Unauthorized Alien Students: Issues and “DREAM Act” Legislation



Andorra Bruno
Specialist in Immigration Policy

The 2012 presidential election results reignited interest in comprehensive immigration reform generally and in legislation known as the “DREAM Act,” in particular. DREAM Act legislation would enable certain unauthorized aliens to legalize their status. The name DREAM Act derives from the bill title, Development, Relief, and Education for Alien Minors Act, but it refers more broadly to measures to provide immigration relief to unauthorized students, whether or not particular bills carry that name. DREAM Act proposals to provide relief to unauthorized aliens who were brought, as children, to live in the United States by their parents or other adults have been controversial in recent years, but historically they have enjoyed a broad base of support in Congress.

Unauthorized aliens in the United States are able to receive free public education through high school. They may experience difficulty obtaining higher education, however, for several reasons. Among these reasons is a provision enacted in 1996 that prohibits states from granting unauthorized aliens certain postsecondary educational benefits on the basis of state residence, unless equal benefits are made available to all U.S. citizens. This prohibition is commonly understood to apply to the granting of “in-state” residency status for tuition purposes. Unauthorized alien students also are not eligible for federal student financial aid. More broadly, as unauthorized aliens, they typically are not legally allowed to work and are subject to being removed from the country.

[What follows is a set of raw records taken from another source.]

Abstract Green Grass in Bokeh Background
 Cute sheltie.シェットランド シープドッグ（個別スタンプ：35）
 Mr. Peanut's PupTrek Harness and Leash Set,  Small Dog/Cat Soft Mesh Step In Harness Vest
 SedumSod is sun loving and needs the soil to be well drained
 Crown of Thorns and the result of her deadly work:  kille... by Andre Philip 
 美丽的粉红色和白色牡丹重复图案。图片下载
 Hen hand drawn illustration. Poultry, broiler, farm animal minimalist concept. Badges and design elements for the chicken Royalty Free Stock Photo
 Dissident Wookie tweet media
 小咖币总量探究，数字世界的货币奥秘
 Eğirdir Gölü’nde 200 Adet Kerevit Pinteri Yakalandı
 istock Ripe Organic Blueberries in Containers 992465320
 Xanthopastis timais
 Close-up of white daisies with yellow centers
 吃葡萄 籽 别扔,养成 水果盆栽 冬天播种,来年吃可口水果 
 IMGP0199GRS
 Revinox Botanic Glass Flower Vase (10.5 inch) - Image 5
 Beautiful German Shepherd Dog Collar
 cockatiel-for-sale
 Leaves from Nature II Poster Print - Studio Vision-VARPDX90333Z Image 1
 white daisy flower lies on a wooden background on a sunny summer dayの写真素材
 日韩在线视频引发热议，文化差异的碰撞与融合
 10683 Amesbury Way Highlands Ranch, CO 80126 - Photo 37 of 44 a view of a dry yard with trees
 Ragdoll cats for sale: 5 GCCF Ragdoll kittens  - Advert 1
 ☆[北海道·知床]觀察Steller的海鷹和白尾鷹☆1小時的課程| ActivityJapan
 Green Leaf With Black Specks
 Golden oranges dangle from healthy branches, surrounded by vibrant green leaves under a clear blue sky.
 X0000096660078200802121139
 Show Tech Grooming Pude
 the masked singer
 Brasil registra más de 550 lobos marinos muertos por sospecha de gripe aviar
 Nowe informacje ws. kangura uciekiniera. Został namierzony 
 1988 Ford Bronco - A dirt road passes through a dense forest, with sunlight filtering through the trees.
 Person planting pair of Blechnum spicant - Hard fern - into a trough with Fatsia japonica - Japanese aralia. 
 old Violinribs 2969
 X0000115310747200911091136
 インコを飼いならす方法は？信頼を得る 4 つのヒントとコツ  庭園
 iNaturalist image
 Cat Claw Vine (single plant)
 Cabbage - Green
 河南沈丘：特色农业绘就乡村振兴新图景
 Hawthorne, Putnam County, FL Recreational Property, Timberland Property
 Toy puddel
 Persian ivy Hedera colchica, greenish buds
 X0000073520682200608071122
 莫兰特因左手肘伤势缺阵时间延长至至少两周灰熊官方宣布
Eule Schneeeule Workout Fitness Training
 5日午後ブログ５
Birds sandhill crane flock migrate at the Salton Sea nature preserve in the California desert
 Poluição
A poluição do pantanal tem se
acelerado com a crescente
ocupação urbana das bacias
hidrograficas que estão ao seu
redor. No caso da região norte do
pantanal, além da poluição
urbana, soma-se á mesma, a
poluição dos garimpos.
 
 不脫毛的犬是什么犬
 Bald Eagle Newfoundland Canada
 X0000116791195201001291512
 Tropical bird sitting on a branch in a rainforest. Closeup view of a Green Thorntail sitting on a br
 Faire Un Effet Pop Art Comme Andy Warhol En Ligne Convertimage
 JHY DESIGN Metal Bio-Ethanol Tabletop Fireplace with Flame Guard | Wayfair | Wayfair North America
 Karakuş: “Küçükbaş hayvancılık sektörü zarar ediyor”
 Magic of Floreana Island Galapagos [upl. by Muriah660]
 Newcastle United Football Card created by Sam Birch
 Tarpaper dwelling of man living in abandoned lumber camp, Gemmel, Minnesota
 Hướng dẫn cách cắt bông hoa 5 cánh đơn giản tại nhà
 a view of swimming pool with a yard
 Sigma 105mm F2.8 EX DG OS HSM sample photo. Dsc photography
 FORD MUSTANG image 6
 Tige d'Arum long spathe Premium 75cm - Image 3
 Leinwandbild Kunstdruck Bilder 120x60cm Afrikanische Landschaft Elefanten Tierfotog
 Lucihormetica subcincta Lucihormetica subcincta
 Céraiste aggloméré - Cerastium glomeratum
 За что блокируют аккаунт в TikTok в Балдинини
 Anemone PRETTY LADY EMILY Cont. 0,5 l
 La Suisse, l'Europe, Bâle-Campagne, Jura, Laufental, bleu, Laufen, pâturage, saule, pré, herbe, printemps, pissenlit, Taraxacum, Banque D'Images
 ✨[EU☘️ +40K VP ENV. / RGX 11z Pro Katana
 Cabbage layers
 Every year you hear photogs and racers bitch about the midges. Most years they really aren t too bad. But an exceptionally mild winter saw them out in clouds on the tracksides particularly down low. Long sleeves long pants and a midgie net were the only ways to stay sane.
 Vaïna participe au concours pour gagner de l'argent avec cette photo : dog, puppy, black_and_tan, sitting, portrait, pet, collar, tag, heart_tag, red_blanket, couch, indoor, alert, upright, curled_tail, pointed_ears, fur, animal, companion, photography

Multiple DREAM Act bills have been introduced in recent Congresses to address the unauthorized student population. Most have proposed a two-prong approach of repealing the 1996 provision and enabling some unauthorized alien students to become U.S. legal permanent residents (LPRs) through an immigration procedure known as cancellation of removal. While there are other options for dealing with this population, this report deals exclusively with the DREAM Act approach in light of the considerable congressional interest in it.

In the 111
th Congress, the House approved DREAM Act language as part of an unrelated bill, the Removal Clarification Act of 2010 (H.R. 5281). However, the Senate failed, on a 55-41 vote, to invoke cloture on a motion to agree to the House-passed DREAM Act amendment, and the bill died at the end of the Congress. The House-approved language differed in key respects from earlier versions of the DREAM Act. Bills to legalize the status of unauthorized alien students (S. 952, H.R. 1842, H.R. 3823, H.R. 5869) were again introduced in the 112th Congress.

On June 15, 2012, in the absence of congressional action on DREAM Act legislation, the Obama Administration announced that certain individuals who were brought to the United States as children and meet other criteria would be considered for relief from removal. Under a memorandum issued by Secretary of Homeland Security Janet Napolitano on that date, these individuals would be eligible for deferred action for two years, subject to renewal, and could apply for employment authorization. DHS began accepting requests for consideration of deferred action for childhood arrivals (or DACA, as the program is known) in August 2012.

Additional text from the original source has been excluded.